I read in some papers that the Stirling numbers (of the second kind) have a natural $q$-analog $S_q(n,k)$, which satisfy the recurrence $$ S_q(n,k)=(k)_qS_q(n-1,k)+q^{k-1}S_q(n-1,k-1) $$ with the conditions that $S_q(0,k)=\delta_{0,k}$ and $S_q(n,0)=\delta_{n,0}$.
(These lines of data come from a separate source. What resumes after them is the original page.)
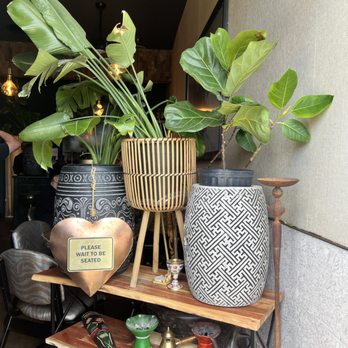 Aunt Yvette’s Kitchen - Love the welcoming plants in pots :) - Ethiopian Near Me - Los Angeles, California Aunt Yvette’s Kitchen - Love the welcoming plants in pots :) - Ethiopian Near Me - Los Angeles, California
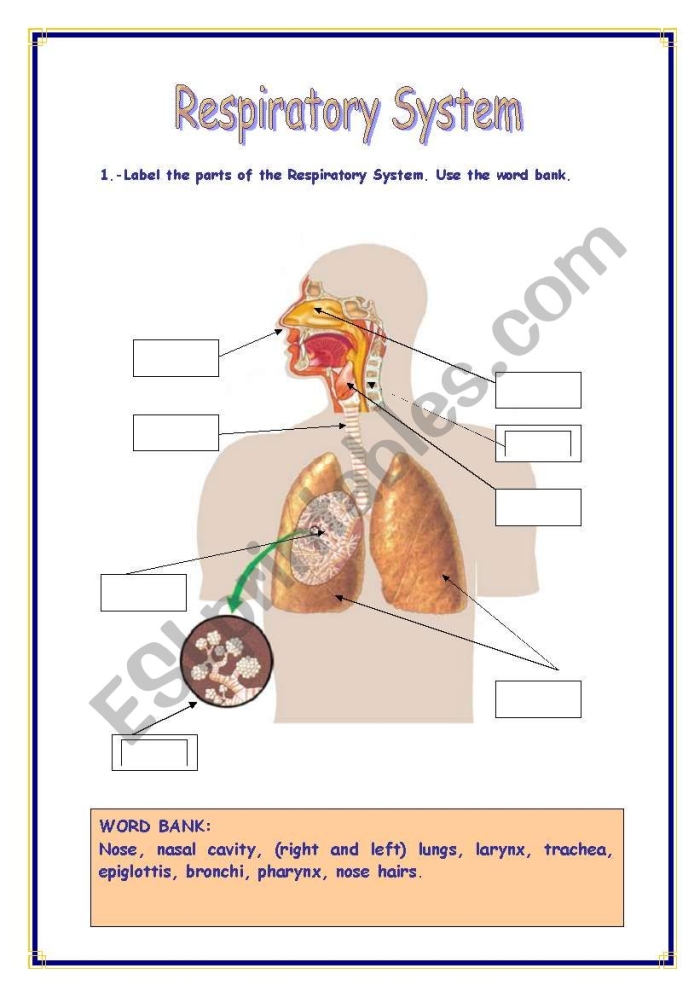Detailed illustration of the human respiratory system with labeled parts for educational purposes. Worksheet for fifth graders to explore respiratory functions and anatomy.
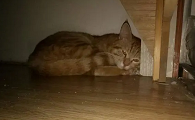 想把床底下封死防止猫进去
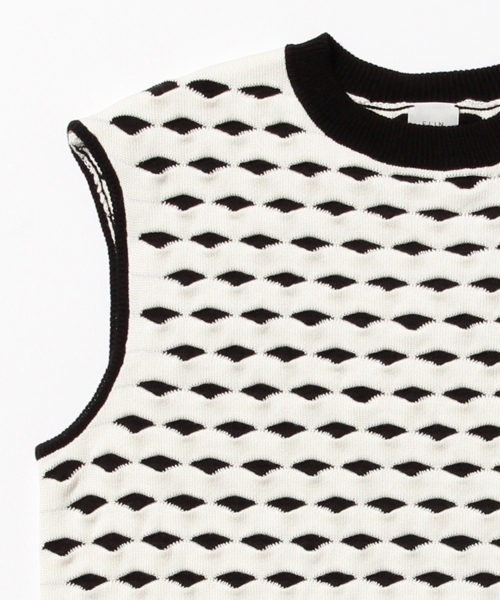 Demi-Luxe BEAMS（デミルクス ビームス）の「ELIN / ジャカード クルーネック ベスト（ニット/セーター・レディース・ブラック・ONE SIZE）」の6枚目の写真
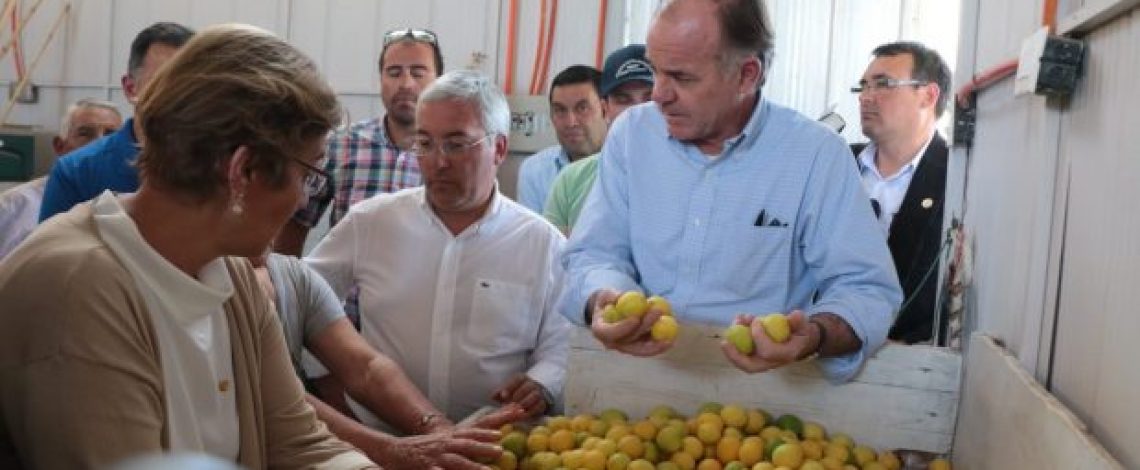 Ministro de Agricultura, Antonio Walker: “Estamos complicados porque hemos tenido una pluviometría muy baja este invierno”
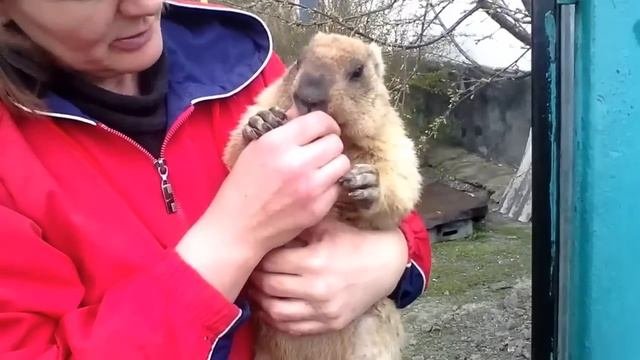 Ручной Байбак
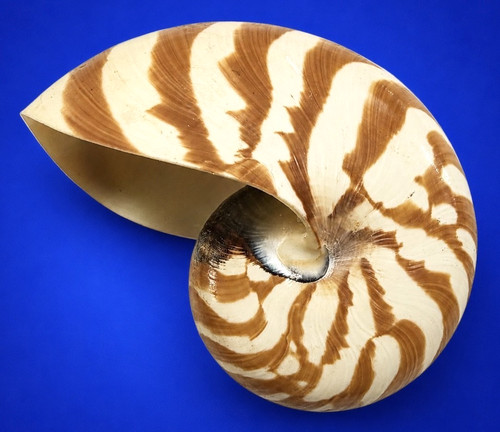 Conchiglia nautilus camerata - nautilus,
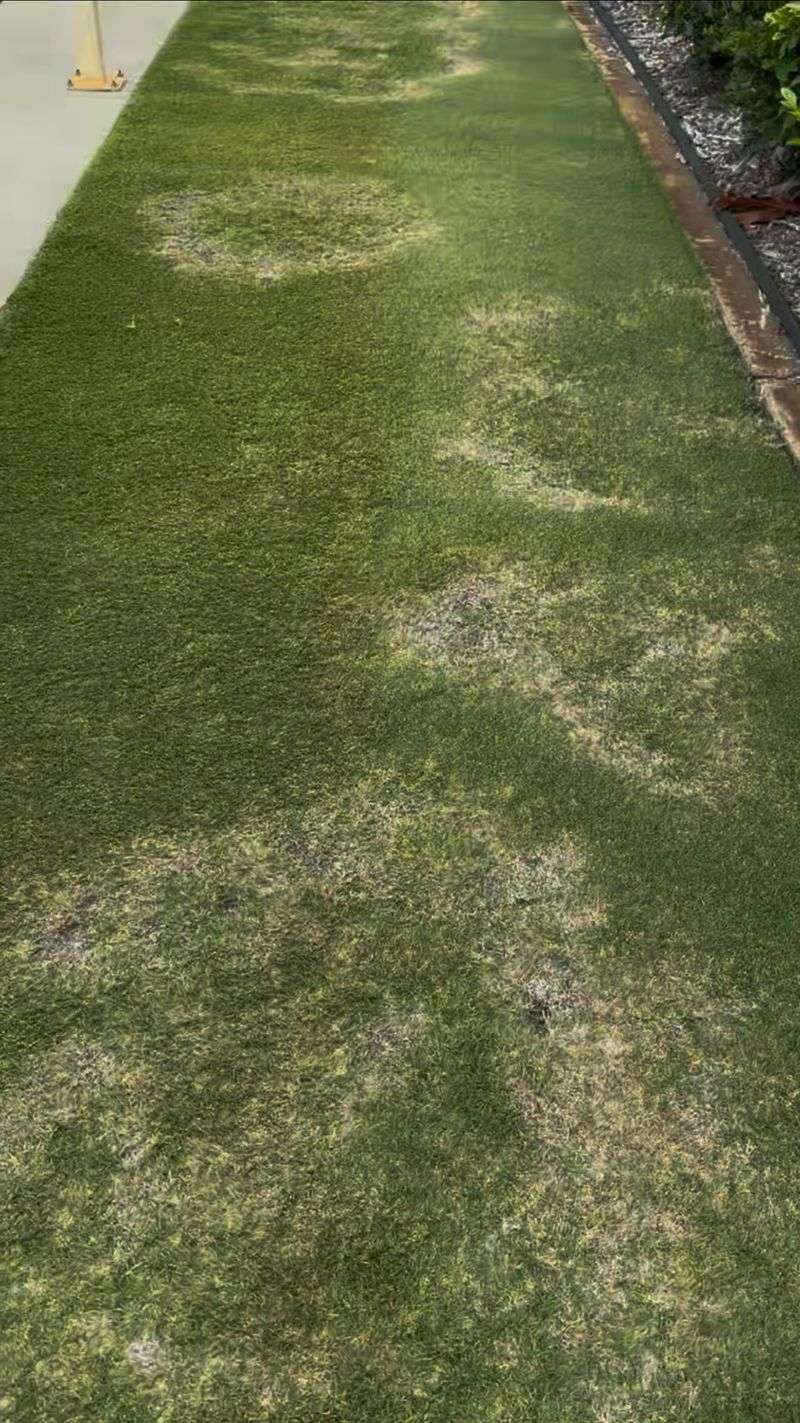 Don't Level During Drought Conditions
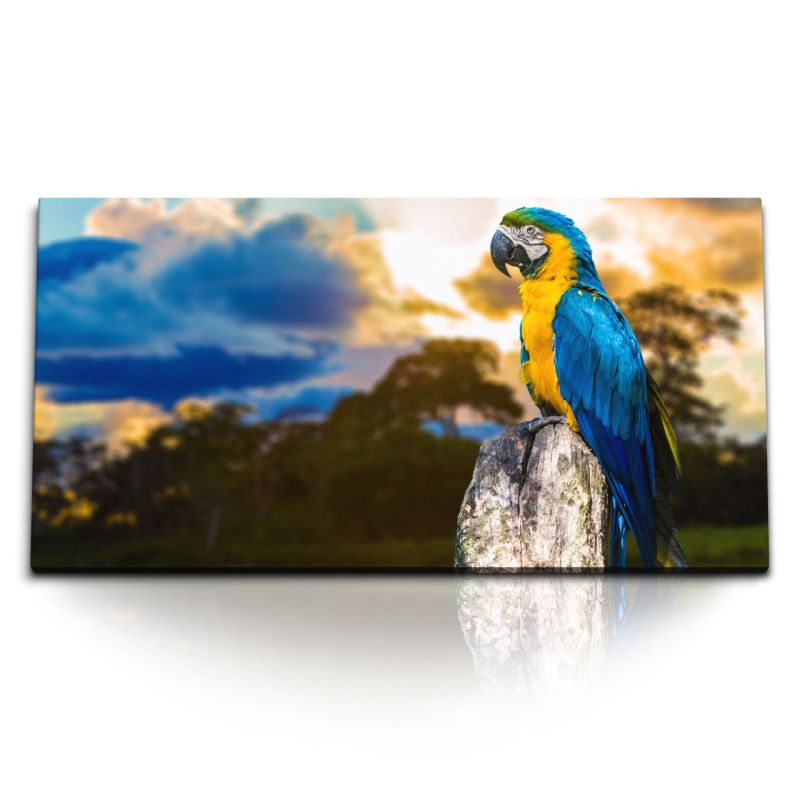 Kunstdruck Bilder 120x60cm Papagei Tierfotografie Exotisch Tropisch Meer Strand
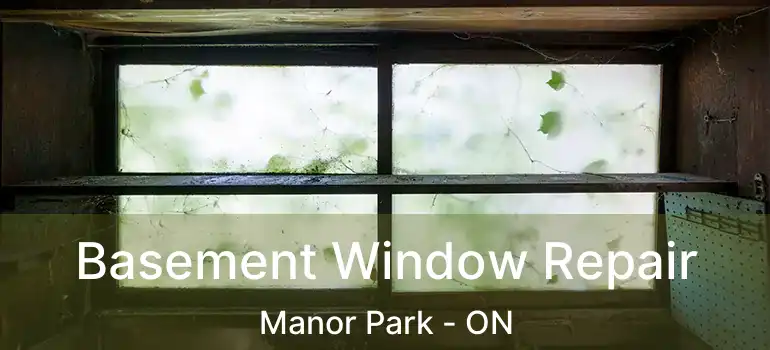  Basement Window Repair Manor Park - ON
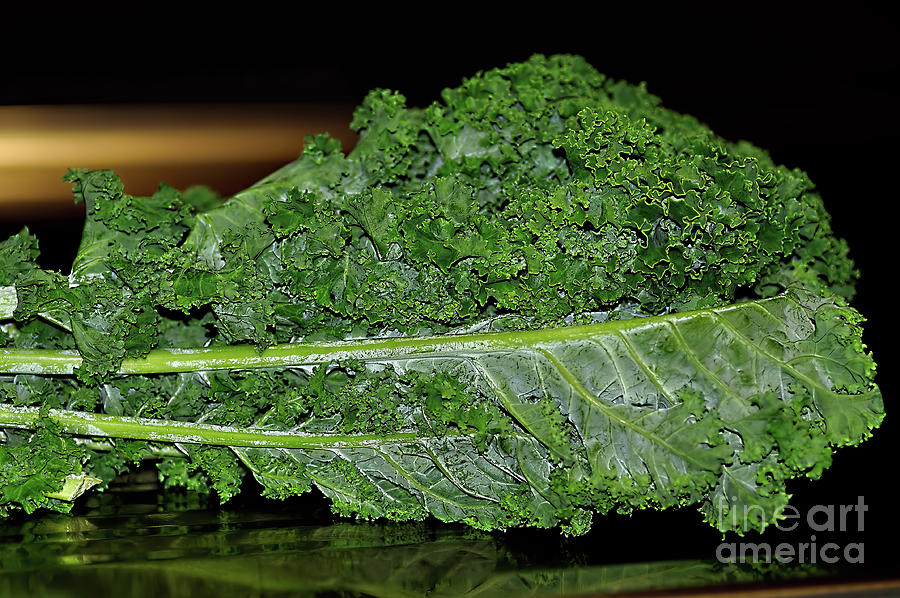 Curly Kale By Kaye Menner Photograph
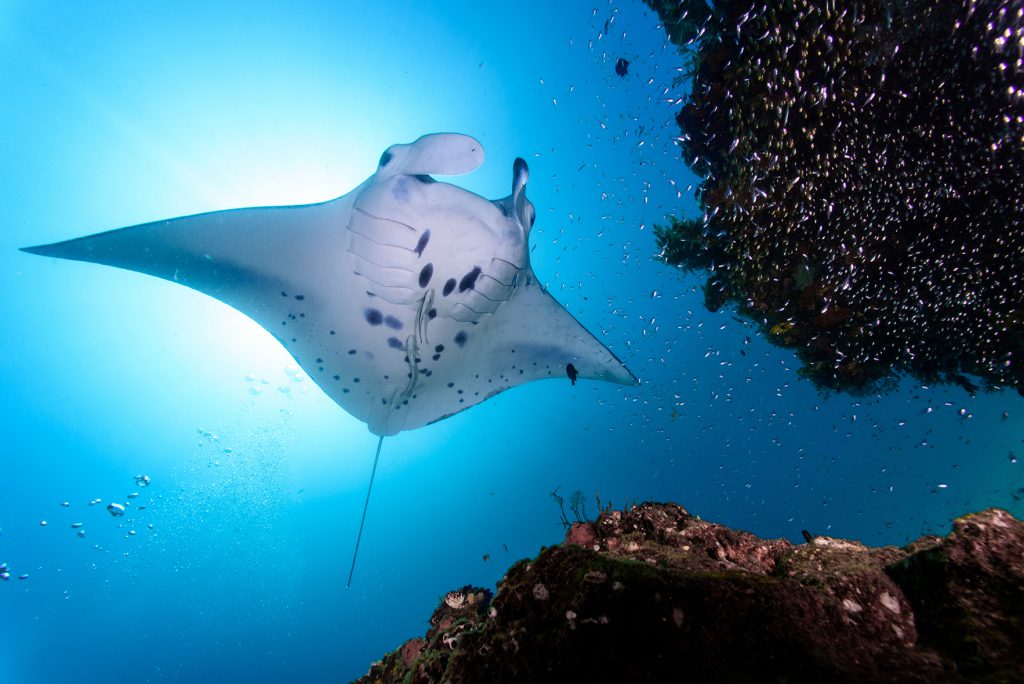 Giant Manta Rays at risk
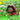 Sonnenblumensamen – Black Swan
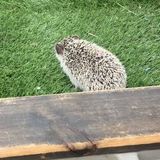 Most Caring Animal Caregiver in Uniondale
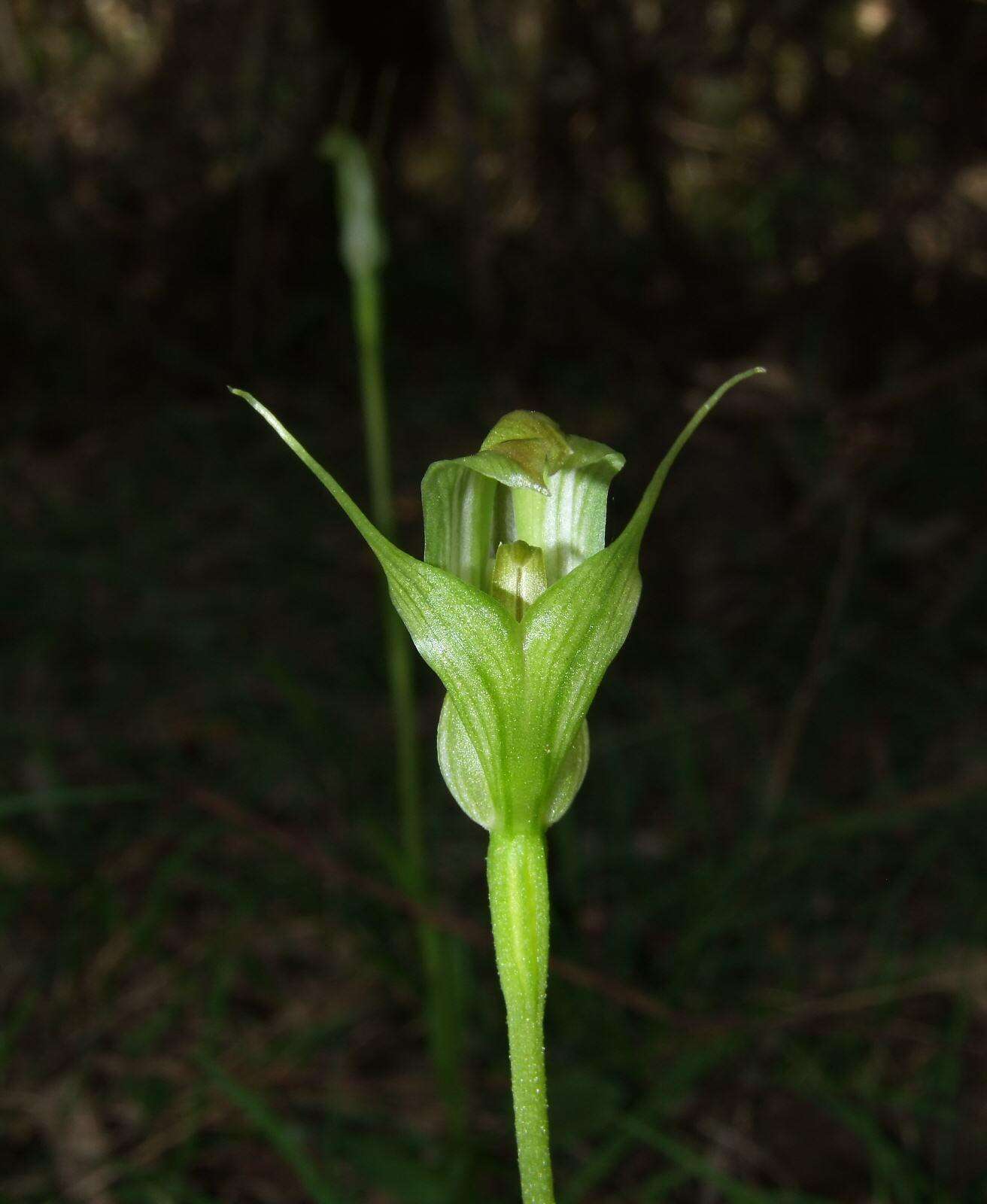 Image of Alpine greenhood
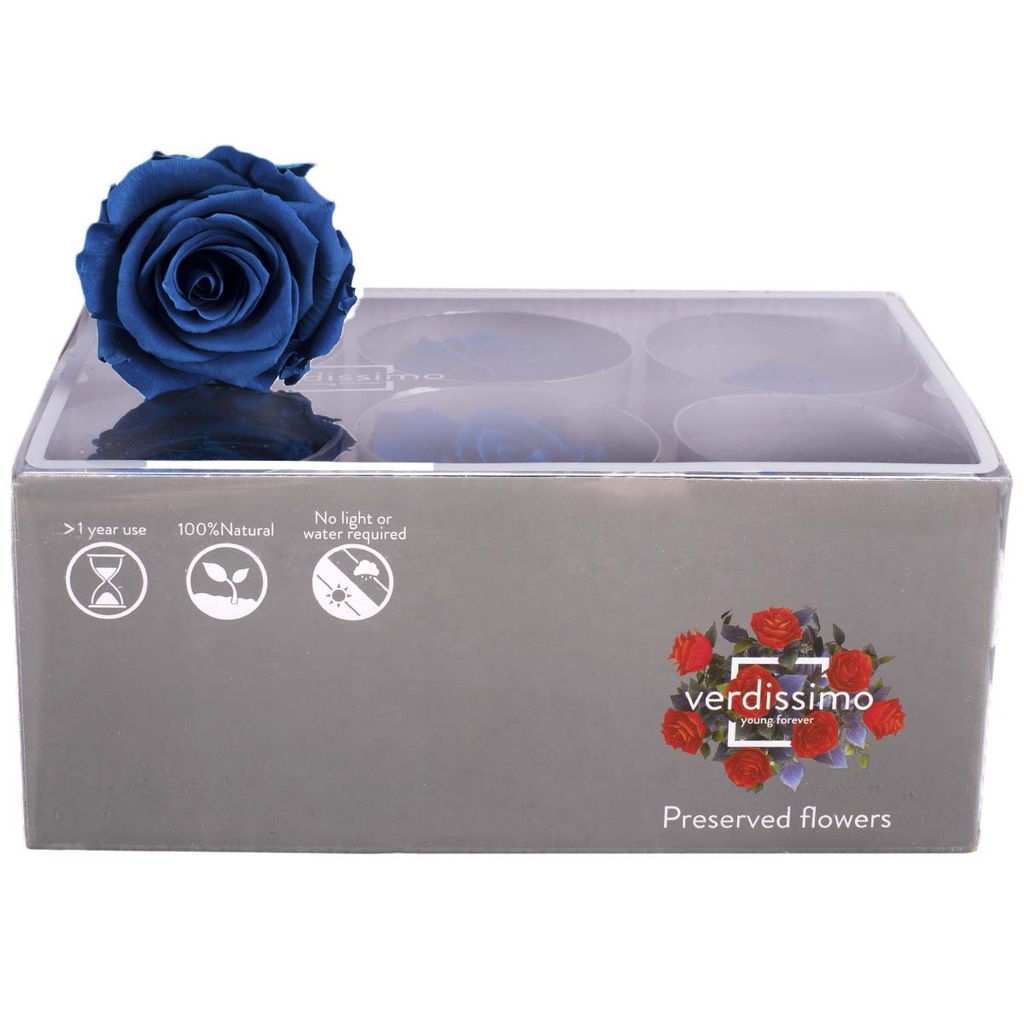 RST/2630 Têtes de Roses Standard stabilisée Bleu W-Box 6 têtes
How is this recurrence arrived at? Even if this recurrence is taken as definition, there must be some motivation for it. Thank you.
On
If you can read German you find an answer in my lecture notes at University of Vienna, Elementare q-Identitäten, Chapter 3.
Your $S_q(n,k)$ is the same as my $q^{\binom{k}{2}} S[n,k]$
The following justification is based on material in Johann Cigler’s lecture notes, Chapters 1 and 3.
The ordinary Stirling numbers of the second kind are characterized by the identity $$(xD)^n=\sum_k\left\{\matrix{n\\k}\right\}x^kD^k\;,\tag{1}$$ where $D$ is the ordinary differentiation operator. Thus, one approach to defining a $q$-analogue $S_q(n,k)$ is to require that it satisfy the analogue of $(1)$ with $D$ replaced by $D_q$, defined by $$D_qf(x)=\frac{f(qx)-f(x)}{qx-x}$$ and satisfying $$D_qx^n=\frac{(qx)^n-x^n}{(q-1)x}=\frac{q^n-1}{q-1}x^{n-1}=(n)_qx^{n-1}$$ and $$D_qx=qxD_q\;.$$
In other words, one might reasonably define $S_q(n,k)$ to satisfy
$$(xD_q)^n=\sum_{k=0}^nS_q(n,k)x^kD_q^k\;.\tag{2}$$
Assume that $(2)$ holds for some $n$; then
$$\begin{align*} xD_q(xD_q)^n&=\sum_kS_q(n,k)xD_qx^kD_q^k\\ &=\sum_kS_q(n,k)x\Big(q^kx^kD_q+(k)_qx^{k-1}\Big)D_q^k\\ &=\sum_kS_q(n,k)q^kx^{k+1}D_q^{k+1}+\sum_k(k)_qS_q(n,k)x^kD_q^k\\ &=\sum_k\left(S_q(n,k-1)q^{k-1}+(k)_qS_q(n,k)\right)x^kD_q^k\;, \end{align*}$$
so if we want $(2)$ to hold for $n+1$, we must set
$$S_q(n+1,k)=S_q(n,k-1)q^{k-1}+(k)_qS_q(n,k)\;.\tag{3}$$
$(2)$ clearly requires that $S_q(n,0)=\delta_{n,0}$; it imposes no constraint on $S_q(0,k)$ for $k>0$, but setting it to $0$ is the natural thing to do and is compatible with $(3)$.